Records for processing>
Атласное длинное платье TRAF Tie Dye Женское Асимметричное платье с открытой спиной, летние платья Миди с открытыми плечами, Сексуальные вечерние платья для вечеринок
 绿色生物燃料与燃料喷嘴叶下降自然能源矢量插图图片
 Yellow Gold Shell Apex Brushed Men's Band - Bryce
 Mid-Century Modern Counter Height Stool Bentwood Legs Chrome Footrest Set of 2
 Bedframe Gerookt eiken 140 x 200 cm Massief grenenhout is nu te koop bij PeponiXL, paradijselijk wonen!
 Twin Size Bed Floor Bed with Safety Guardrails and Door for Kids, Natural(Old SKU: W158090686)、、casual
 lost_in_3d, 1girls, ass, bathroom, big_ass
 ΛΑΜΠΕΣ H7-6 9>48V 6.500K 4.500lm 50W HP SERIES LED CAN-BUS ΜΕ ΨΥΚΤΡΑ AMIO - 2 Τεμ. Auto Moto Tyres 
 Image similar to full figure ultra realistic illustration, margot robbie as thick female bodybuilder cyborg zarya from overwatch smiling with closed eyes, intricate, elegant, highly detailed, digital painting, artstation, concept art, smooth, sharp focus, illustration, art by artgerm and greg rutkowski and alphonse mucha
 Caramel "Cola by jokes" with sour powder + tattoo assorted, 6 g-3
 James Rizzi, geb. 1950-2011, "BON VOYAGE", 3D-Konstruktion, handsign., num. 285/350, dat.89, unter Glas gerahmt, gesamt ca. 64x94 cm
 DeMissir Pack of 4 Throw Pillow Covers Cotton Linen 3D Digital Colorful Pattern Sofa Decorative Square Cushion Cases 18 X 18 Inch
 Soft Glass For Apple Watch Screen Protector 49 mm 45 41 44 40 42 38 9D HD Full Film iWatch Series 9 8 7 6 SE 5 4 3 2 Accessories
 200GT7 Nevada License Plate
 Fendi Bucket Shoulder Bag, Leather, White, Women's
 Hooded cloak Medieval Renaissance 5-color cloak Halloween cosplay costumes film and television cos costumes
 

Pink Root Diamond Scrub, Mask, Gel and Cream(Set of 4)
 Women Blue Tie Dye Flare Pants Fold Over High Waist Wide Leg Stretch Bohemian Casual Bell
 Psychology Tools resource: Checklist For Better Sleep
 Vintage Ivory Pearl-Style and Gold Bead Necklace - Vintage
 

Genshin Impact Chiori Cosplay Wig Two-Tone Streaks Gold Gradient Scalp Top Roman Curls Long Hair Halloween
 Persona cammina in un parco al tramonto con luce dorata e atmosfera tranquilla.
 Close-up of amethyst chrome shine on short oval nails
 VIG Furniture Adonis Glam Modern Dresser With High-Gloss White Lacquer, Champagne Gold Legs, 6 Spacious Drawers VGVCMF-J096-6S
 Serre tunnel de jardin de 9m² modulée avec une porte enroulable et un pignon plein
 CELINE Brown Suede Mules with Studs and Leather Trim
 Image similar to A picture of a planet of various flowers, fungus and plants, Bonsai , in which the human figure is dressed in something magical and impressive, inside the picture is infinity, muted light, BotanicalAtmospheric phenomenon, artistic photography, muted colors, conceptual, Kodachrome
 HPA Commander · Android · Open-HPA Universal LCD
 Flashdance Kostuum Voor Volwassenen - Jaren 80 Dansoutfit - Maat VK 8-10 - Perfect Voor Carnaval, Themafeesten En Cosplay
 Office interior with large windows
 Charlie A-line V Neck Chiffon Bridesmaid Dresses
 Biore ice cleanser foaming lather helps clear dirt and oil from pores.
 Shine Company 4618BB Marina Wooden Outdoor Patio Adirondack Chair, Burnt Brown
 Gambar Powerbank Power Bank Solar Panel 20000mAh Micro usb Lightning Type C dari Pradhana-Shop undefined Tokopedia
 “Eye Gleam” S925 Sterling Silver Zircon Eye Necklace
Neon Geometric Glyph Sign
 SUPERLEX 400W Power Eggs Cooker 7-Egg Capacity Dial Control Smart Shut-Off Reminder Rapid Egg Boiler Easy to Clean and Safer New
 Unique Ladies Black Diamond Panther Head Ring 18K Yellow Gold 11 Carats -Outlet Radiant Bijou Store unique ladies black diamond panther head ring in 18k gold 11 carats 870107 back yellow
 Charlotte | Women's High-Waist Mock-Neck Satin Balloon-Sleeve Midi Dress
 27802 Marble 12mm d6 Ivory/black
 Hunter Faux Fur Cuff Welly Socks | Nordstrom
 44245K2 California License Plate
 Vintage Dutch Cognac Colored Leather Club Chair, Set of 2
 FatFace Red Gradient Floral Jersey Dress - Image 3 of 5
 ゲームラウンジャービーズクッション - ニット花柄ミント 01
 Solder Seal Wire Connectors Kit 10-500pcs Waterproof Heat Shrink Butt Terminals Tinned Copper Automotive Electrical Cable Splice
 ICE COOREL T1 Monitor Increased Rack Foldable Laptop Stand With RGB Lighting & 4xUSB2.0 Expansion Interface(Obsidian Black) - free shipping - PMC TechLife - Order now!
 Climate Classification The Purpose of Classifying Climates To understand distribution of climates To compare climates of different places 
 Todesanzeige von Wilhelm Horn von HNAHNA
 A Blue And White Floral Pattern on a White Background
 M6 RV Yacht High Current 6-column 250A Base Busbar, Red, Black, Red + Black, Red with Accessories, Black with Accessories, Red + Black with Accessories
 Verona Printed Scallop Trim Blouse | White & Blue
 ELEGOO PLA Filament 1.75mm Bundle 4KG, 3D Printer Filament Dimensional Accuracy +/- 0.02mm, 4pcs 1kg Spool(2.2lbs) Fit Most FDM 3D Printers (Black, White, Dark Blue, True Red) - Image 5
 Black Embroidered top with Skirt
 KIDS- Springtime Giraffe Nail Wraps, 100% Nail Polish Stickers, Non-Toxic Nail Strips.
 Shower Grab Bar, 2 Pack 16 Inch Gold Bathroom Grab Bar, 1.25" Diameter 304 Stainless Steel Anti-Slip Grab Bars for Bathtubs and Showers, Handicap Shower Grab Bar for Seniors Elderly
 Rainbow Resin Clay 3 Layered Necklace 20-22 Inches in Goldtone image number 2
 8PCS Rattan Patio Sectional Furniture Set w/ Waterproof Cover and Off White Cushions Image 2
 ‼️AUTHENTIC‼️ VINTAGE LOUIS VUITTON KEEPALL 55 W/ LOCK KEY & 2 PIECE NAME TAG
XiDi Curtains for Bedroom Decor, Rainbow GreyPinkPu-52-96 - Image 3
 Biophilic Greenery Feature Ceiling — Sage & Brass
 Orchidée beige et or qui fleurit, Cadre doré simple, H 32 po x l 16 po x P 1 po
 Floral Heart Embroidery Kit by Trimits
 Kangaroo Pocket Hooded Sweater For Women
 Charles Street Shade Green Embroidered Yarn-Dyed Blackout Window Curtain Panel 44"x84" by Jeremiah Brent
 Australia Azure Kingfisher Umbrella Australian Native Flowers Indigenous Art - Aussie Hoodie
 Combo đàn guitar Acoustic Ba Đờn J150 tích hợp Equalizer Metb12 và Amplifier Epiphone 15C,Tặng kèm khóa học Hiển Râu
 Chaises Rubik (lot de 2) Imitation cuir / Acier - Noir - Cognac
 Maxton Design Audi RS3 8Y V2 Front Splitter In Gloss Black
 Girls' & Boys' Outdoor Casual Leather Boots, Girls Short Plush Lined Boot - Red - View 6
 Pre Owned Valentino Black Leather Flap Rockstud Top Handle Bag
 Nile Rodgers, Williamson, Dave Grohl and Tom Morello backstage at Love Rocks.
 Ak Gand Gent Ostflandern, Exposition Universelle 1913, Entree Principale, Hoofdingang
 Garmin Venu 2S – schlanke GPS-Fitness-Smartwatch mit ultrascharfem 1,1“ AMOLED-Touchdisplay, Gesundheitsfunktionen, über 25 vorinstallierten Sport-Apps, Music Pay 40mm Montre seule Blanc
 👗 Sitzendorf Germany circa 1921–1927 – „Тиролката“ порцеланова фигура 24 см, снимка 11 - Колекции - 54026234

The problem> Find how many lines in the material hold the word "Waist" and state that number alone.

Task answer> 2